Elle le nomma "Théâtre National" et l'inaugura le 15 août 1793, par pure bravade anti-religieuse. Le bâtiment était d'une très grande beauté et les machineries scéniques tout à fait nouvelles pour l'époque. Avec cette nouvelle salle, son théâtre du Palais-Royal et celui de Versailles, la Montansier pouvait bien se croire la reine du spectacle, malheureusement c'était la Terreur qui régnait et il valait mieux alors n'être point roi.

Trois mois après l'ouverture du Théâtre National, le 23 brumaire, le procureur Chaumette le faisait fermer et le 25, la Montansier était arrêtée. On l'accusait de complot avec les Anglais, d'avoir obtenu de ces derniers, en échange de quelques trahisons, les fonds nécessaires à la construction de son théâtre, d'avoir reçu des sommes considérables de la reine et même de vouloir mettre le feu à la Bibliothèque Nationale !

Le théâtre du Palais-Royal n'avait pas suspendu ses représentations. Il portait alors le nom de "Théâtre de la Montagne". Le Théâtre National n'avait été fermé que quelques jours et après de multiples intrigues et aventures, était devenu Opéra National en 1794. On devait y chanter et y danser jusqu'en 1820, date de sa démolition, à la suite de l'assassinat du duc de Berry.

Si la Montansier jugée coupable, avait été guillotinée, la confiscation de son théâtre eut été légale, mais déclarée innocente, elle protesta avec la plus extrême vigueur contre l'arrêté de la Convention et ne cessa de protester pendant les vingt-six ans qui lui restaient à vivre. Elle réclama sept millions d'indemnité. "Pour ce prix-là, on aurait une escadre !" s'écrit Bourbon de l'Oise.
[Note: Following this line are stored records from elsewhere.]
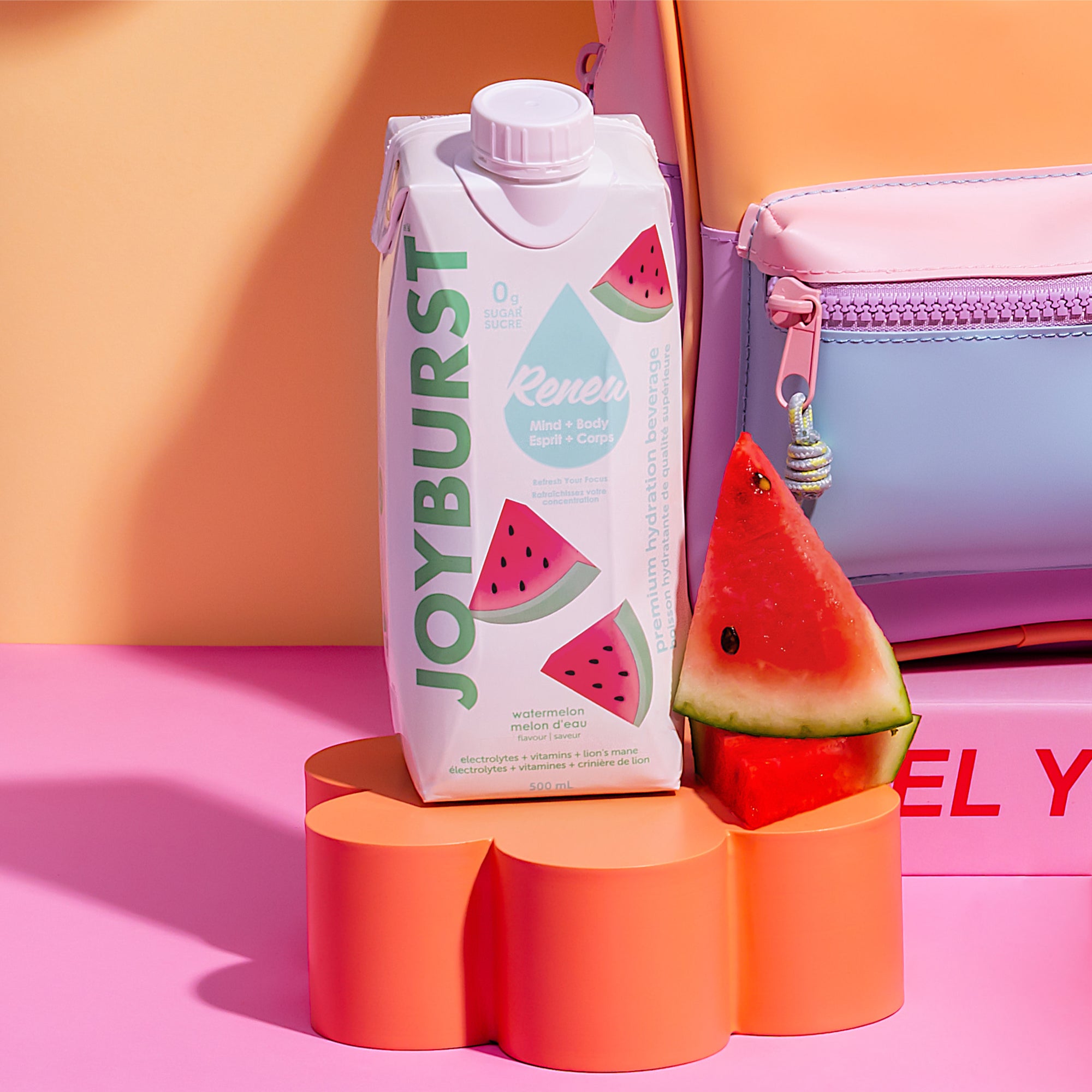 Joyburst Hydration Strawberry-Lemonade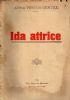 Ida Attrice - Anna Vertua Gentile - copertina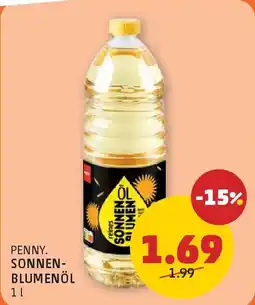 PENNY Penny sonnen blumenöl Angebot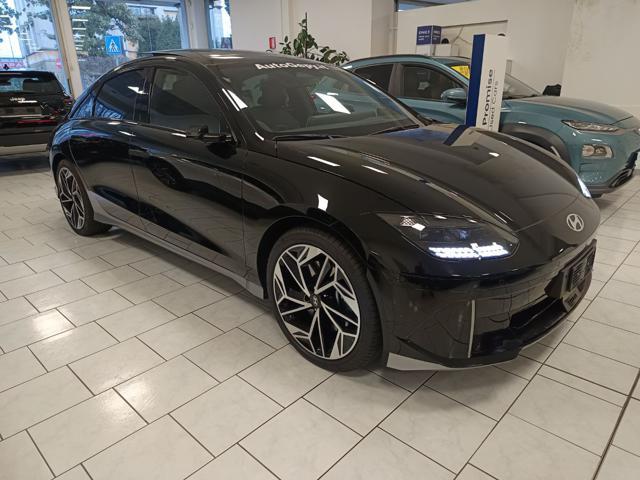 HYUNDAI Ioniq 6 77.4 kWh AWD Evolution + TECH PACK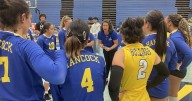 Hancock sweeps Cerro Coso, wins home opener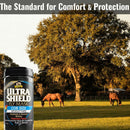 UltraShield Fly Mask Without Ears For Horses (Cob Size)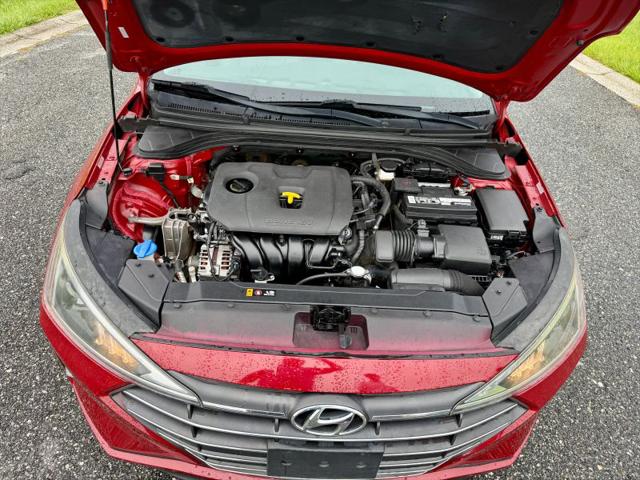 2020 Hyundai Elantra Value Edition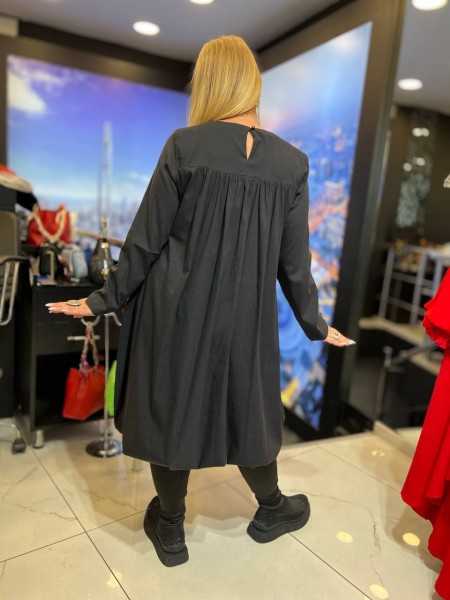 Женское Платье Iness (Большие размеры)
Mais la Montansier tient bon, elle veut ses sept millions ou la restitution de son théâtre. Après des polémiques sans fin, ce diable de femme obtint, en plusieurs fois, de très larges compensations et malgré ses réclamations continuelles, elle s'estima vengée.Elle fut interrogée le 11 frimaire et le 14 nivôse. On ne trouva rien à son domicile qui puisse la compromettre et finalement, après dix mois de détention arbitraire, elle fut libérée le 30 fructidor. Elle avait gagné, une fois de plus, une difficile partie. Sans doute son âge avait joué en sa faveur - elle avait alors soixante-quatre ans - mais surtout ses relations et ses amis. Elle gardait l'énergie de ses trente ans et une santé à toute épreuve.
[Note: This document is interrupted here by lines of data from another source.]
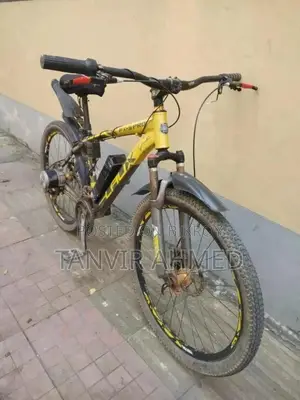 Electric Cycle 30km Mileage 26 Size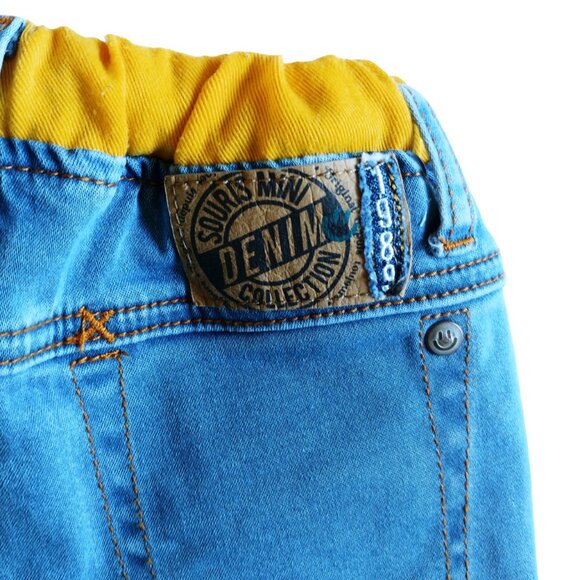 Souris Mini Blue Shorts 12-18 Months - Picture 11 of 12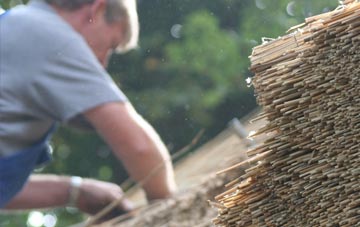 professional South Gorley thatchers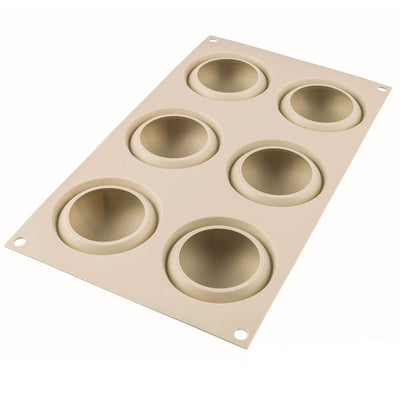 Silikoonvorm Minikookidele Goccia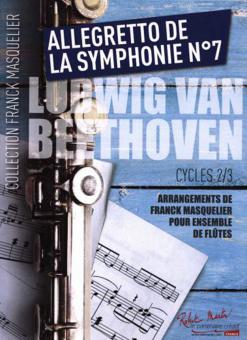 Allegretto De La Symphonie No.7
Revenue dans ses foyers, elle reprit sa lutte et ses projets. Successivement, elle avait loué le Théâtre Olympique et la Salle Favart, mais sans succès. Son étoile semblait pâlir et en 1803 elle fut même mise en prison pour dettes. Le nouveau gouvernement ne lui était guère favorable et un décret de juin 1806 ordonne l'évacuation du Théâtre du Palais-Royal qui portait alors le nom de "Variétés". Le but de ce décret visait à éloigner la troupe de la Montansier qui portait ombrage à celle, voisine, du Théâtre Français, dont la salle restait déserte tandis que les Variétés-Montansier jouissaient toujours d'une immense faveur.

Furieuse d'avoir à évacuer sa salle pour le 1er janvier 1807, la Montansier rassemble ses troupes et son énergie, part en campagne, finit par être reçue par l'Empereur lui-même et obtient de lui aide et protection : elle avait alors soixante-dix-sept ans, mais son charme opérait toujours.
Forte de cet impérial appui, elle réunit la "Société des Cinq" qui dirige sa nombreuse troupe et propose la construction d'une nouvelle salle. En attendant l'achèvement des travaux les comédiens iront s'installer dans la Cité, au Théâtre du Prado.

Cinq mois plus tard, seulement, le 24 juin 1807, la troupe de la Montansier inaugurait le nouveau "Théâtre des Variétés", celui-là même qui se dresse à côté du passage des Panoramas, boulevard Montmartre.